Le Burundi va bientôt lancer un nouveau programme de viabilisation des centres urbains, intitulé « la nouvelle politique de logement ». Ce projet vise à résoudre la question des logements pour atteindre l’objectif de la vision du gouvernement d’un pays émergent d’ici 2040 et développé en 2060.

Avec une population estimée à 12 millions, sur une superficie de 27 834 km² (BM-2021), à peu près 15 % soit au moins un million sept cent mille  de la population burundaise vivent dans les centres urbains.

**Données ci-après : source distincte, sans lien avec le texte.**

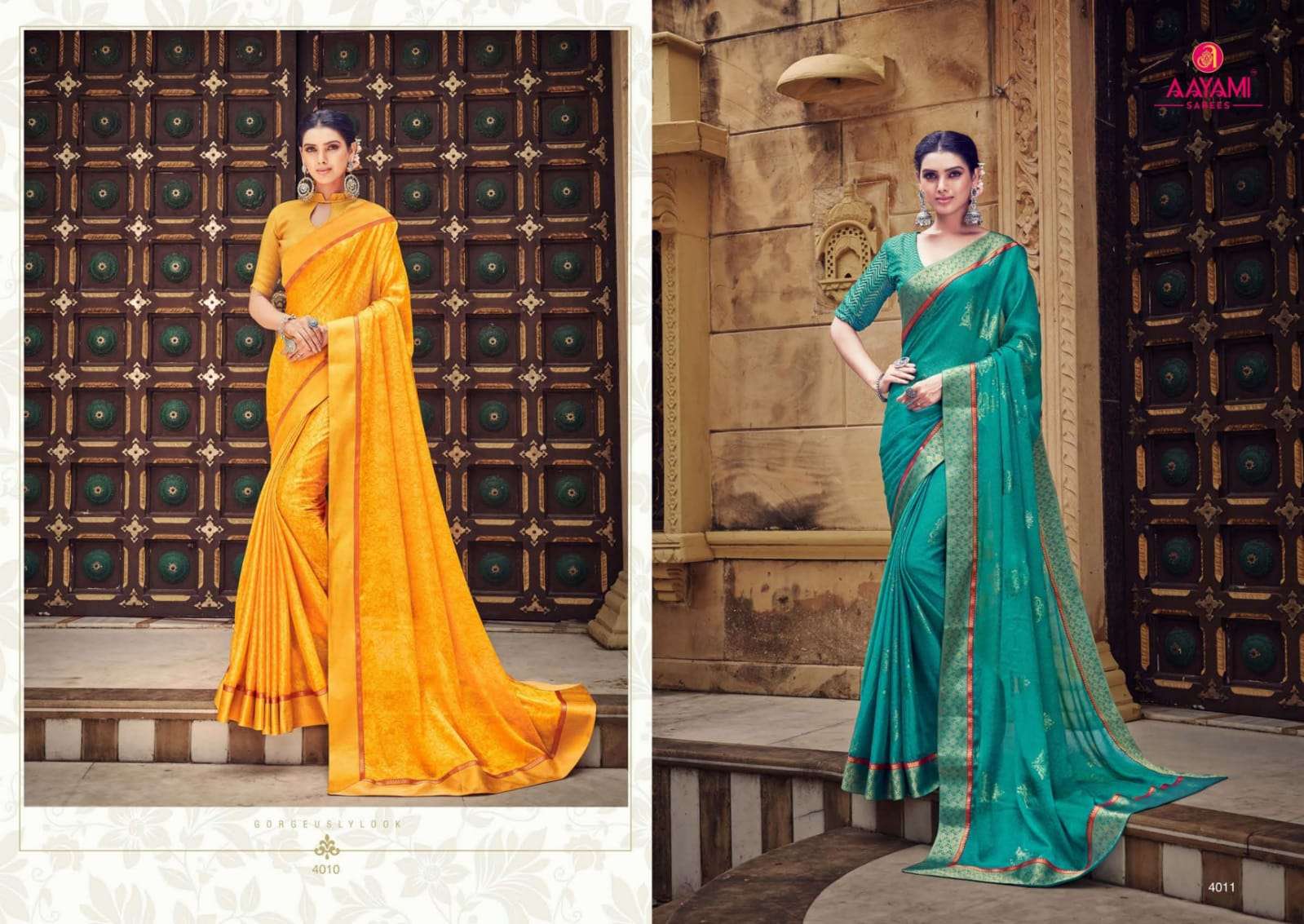 ADVIKA BY AAYAMI 4001 TO 4012 SERIES INDIAN TRADITIONAL WEAR COLLECTION BEAUTIFUL STYLISH FANCY COLORFUL PARTY WEAR & OCCASIONAL WEAR GEORGETTE SAREES AT WHOLESALE PRICE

Une situation qui freinerait l’éruption de développement, précise Dieudonné Dukundane, ministre des infrastructures, de l’équipement et des logements sociaux lors   d’une conférence de presse animée ce mardi 13 juin 2023.

Pour Dieudonné Dukundane, « cette situation restreint l’accès aux services vitaux notamment l’eau, électricité, internet, services sociaux et économiques ainsi que les infrastructures associées considérés comme caractéristiques d’une économie émergente ».

De ce fait, en compagnie de cette nouvelle politique d’urbanisation, le gouvernement et ses partenaires potentiels s’engageront à renverser la donne jusqu’à atteindre le taux d’urbanisation d’au moins 40 %, explique M. Dukundane.

Des centres urbains, solution aux conflits fonciers

Au Burundi tout comme en Afrique centrale, la terre était traditionnellement une ressource collective et inaliénable, qui se transmettait de génération en génération. Avec la pression démographique soit  plus de 8 millions en 2010 plus de 12 millions de la population selon la Banque mondiale, des défis se manifestent dans différents secteurs de la vie de Burundais notamment dans le domaine de l’agriculture, de l’environnement, de la santé, de l’éducation, de l’emploi, de l’habitat, etc.

En plus de cela, l’absence de titres de propriété et le morcellement des terres inhérent aux successions entraînent une insécurité foncière grave qui freine le développement agricole et accroît de fait la pauvreté où environ 80 % des affaires pendantes sont des conflits fonciers (BNUD 2017).

Pour cette raison, le programme de la construction « la nouvelle politique de logement » tenant compte surtout des constructions en espace va toucher favorablement à la problématique liée aux conflits fonciers. Il multipliera les villes et villages urbains avec une projection d’ici 16 ans que le Burundi aura plus des gens dans les centres villes que les campagnes libéré ainsi les terres cultivables, s’ouvre ministre Dukundane en donnant le chiffre d’au moins cinq millions des personnes vivront dans les villes.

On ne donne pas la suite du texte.